In the Y-axis direction, the side of the band portion 110 will be referred to as "one
end side" or "upper side" and the side of the grip portion 150 will be referred to
as "the other end side" or "lower side".
(Connection Portion)
[0024] Fig. 4 is a sectional perspective view showing major parts of the auxiliary handle
according to the embodiment of the present invention. As shown in Fig. 4, the connection
portion 120 has a substantially T-like shape when seen in the X-axis direction (see
Fig. 3) and includes a pair of engaging portions 121 protruding toward the opposite
sides in the Z-axis direction. The opposite end portions 111 of the band portion 110
are fixed to the engaging portions 121. More specifically, through-holes 111a are
formed in each of the opposite end portions 111 of the band portion 110. Using the
through-holes 111a, the opposite end portions 111 are hooked on the engaging portions
121.
[0025] The opposite end portions 111 of the band portion 110 and the connection portion
120 are accommodated within the internal space 133 of the base portion 130 so that
they can move in the Y-axis direction. The Y-axis direction positions of the opposite
end portions 111 of the band portion 110 and the connection portion 120 can be arbitrarily
adjusted by the adjusting mechanism 170 attached to the connection portion 120.
(Base Portion)
[0026] Fig. 5 is a front view showing the base portion according to one embodiment of the
present invention. Fig. 6 is a plan view showing the base portion according to one
embodiment of the present invention. Fig. 7 is a sectional side view taken along line
VII-VII in Fig. 6. As shown in Figs. 5 to 7, the base portion 130 is, e.g., a cylindrical
member having openings 135a and 135b (see Fig. 7) formed at the Y-axis direction opposite
sides thereof. The base portion 130 is made of a resin. The opposite end portions
111 of the band portion 110 and the connection portion 120 are accommodated within
one Y-axis-direction end portion 131 of the base portion 130. A flange portion 134
is provided near the other Y-axis-direction end portion 132 of the base portion 130.
[0027] The upper portion (one Y-axis-direction end portion) of the base portion 130 existing
more upward than the flange portion 134 is formed into a rectangular tube shape and
is composed of four outer walls 130a to 130d (see Fig. 6). The respective outer walls
130a to 130d have a substantially uniform thickness such that a warp is not generated
in the respective outer walls 130a to 130d. The outer walls 130a and 130b opposite
to each other in the X-axis direction have a Z-axis-direction width which becomes
gradually larger toward one Y-axis-direction end. Thus, the distance between the outer
walls 130c and 130d becomes gradually larger toward one Y-axis-direction end. Since
the band portion 110 is partially accommodated within one Y-axis-direction end portion
of the base portion 130, the internal cylinder space 133 of the base portion 130 is
enlarged in conformity with the shape of the band portion 110. The distance between
the outer walls 130a and 130b is uniform in the X-axis direction and the Y-axis direction
and is a little larger than the width of the band portion 110.
[0028] The edges 131a and 131b of the outer walls 130a and 130b existing at one Y-axis-direction
end side are curved into a substantially arc-like shape in conformity with the shape
of the outer surface of the body case 3 and are designed so as to fit to the body
case 3 as contact surfaces which make contact with the outer surface of the body case
3. The edges 131c and 131d of the outer walls 130c and 130d existing at one Y-axis-direction
end side are surfaces which make contact with the outer surface 114 of the band portion
110. The edges 131c and 131d are not curved.

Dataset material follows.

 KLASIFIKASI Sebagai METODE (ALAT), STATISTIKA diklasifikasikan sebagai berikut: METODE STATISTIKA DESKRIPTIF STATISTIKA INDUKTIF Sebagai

[0029] Referring back to Fig. 3, when the auxiliary handle 100 is seen in the X-axis direction,
the opposite end portions 111 of the band portion 110 are accommodated within the
internal cylinder space 133 of the base portion 130. Therefore, the portions of the
band portion 110 exposed from the base portion 130 has an arc shape. A circular through-hole
101 is defined by the exposed portion of the band portion 110 and one Y-axis-direction
end portion 131 of the base portion 130. The body case 3 of the electric power tool
1 is inserted into the through-hole 101. If the diameter of the through-hole 101 is
reduced with the body case 3 inserted into the through-hole 101, it is possible to
compress the body case 3 interposed between the edges 131a and 131b of the base portion
130 and the band portion 110. By virtue of this tightening operation, the base portion
130 is stably fixed to the body case 3.
(Shaft Portion)
[0030] The shaft portion 140 has, e.g., an elongated cylinder shape and includes one Y-axis-direction
end portion 141 connected to the base portion 130 and the other Y-axis-direction end
portion 142 connected to the grip portion 150. That is to say, the grip portion 150
is attached to the base portion 130 through the shaft portion 140. By interposing
the shaft portion 140, it is possible to prolong the distance from the base portion
130 to the grip portion 150 and to secure such a length that a worker is not shaken
by the inertial torque of the electric power tool 1.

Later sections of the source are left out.